Loss does not converge or final fits are inadequate

If either the loss decreases too slowly/diverges or the final fits appear inadequate:

  • Check Observation Noise in Data Space: Ensure that noise estimates are realistic and consistent across variables with different dimensions and variability characteristics. Observation noise that is unrealistically large for a given variable or data point may prevent convergence to solutions that closely fit the data. Carefully base noise estimates on empirical data or domain knowledge, and try reducing noise if the previous suggestions don’t work. This is especially common if using $\sigma^2 * I$ as artificial noise. Even if $u$ appears incorrect, it is advisable to examine the graphs of $G(u)$ compared to $y \pm 2\sigma$ to determine if the forward map lies within the noise level.
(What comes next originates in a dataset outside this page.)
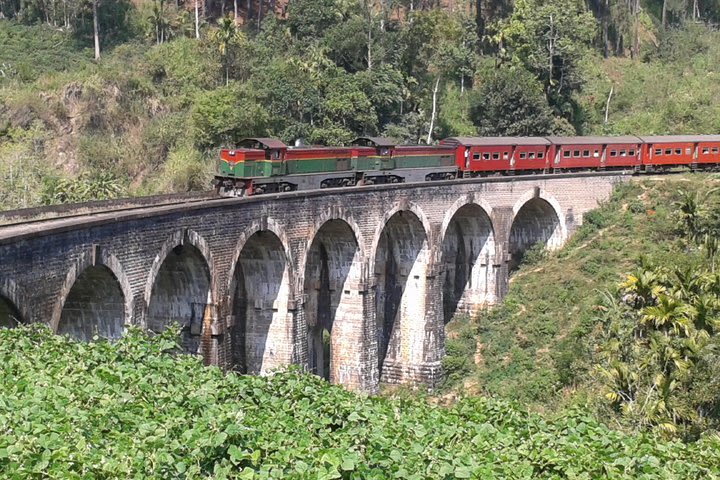  Ella Attraction’s Ella Rock, Little Adam’s Peak, Nine Arches Bridge in One Day image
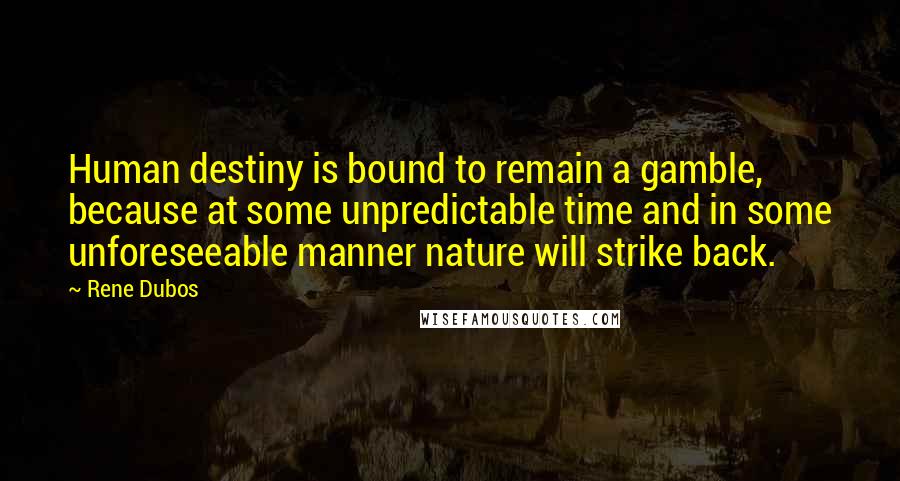 Rene Dubos Quotes: Human destiny is bound to remain a gamble, because at some unpredictable time and in some unforeseeable manner nature will strike back.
If it does, further convergence cannot be achieved without reducing the noise or altering the loss function.
  • Check for Failures: Refer to the suggestions for handling a high failure rate.
  • Adjust the Artificial Timestep: For indirect learning problems involving neural networks, larger timesteps [O(10)] are generally more effective and using variable timesteppers (e.g., DataMisfitController()) tends to yield the best results. For scheduler options, see scheduler docs.
  • If Batching, Increase Batch Size: While not natively implemented within the EKP package, users employing mini-batching (using subsamples of the full dataset in each EKI iteration) should consider modifying the batch size. If the loss is too noisy and convergence is slow, consider increasing the batch size. See inflation if using mini-batching with inflation.
  • Reevaluate Loss Function: Consider exploring alternative loss functions with different variables.
  • Structural Model Errors: If these troubleshooting tips do not work, remaining discrepancies might suggest inherent structural errors between the model and the data, which could lead to trade-offs in parameter estimation. Modifications may be needed to the underlying forward model.

I have a model $\Psi$. But how do I design my forward map G?
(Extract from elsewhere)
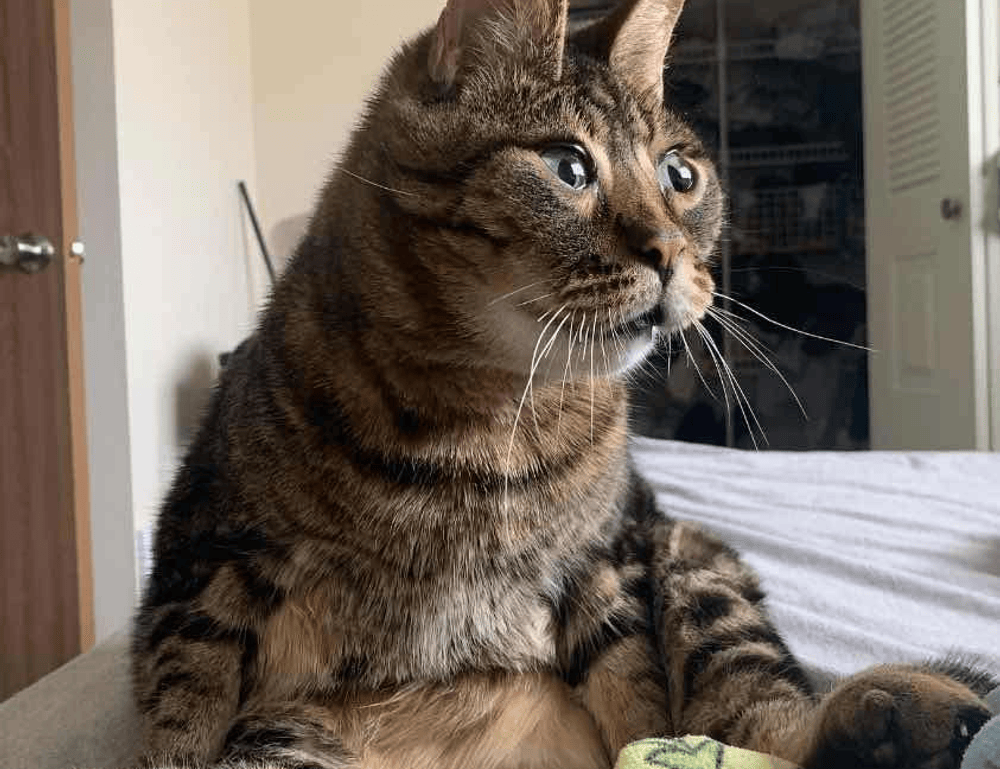 how tazopha investment group work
  • Ensure prior means are chosen appropriately, and that any hard constraints (i.e., parameter values must be positive) are enforced.
  • Start with a perfect model experiment, where an attempt is made to recover known parameter values in $\Psi$ through calibration, to learn about what outputs from $\Psi$ are sensitive to the parameters.
  • For time-evolving systems, consider aggregating data through spatial or temporal averaging, rather than using the full timeseries.
  • Find out which observational data are available for the problem at hand, and what observational noise is provided for measuring instruments.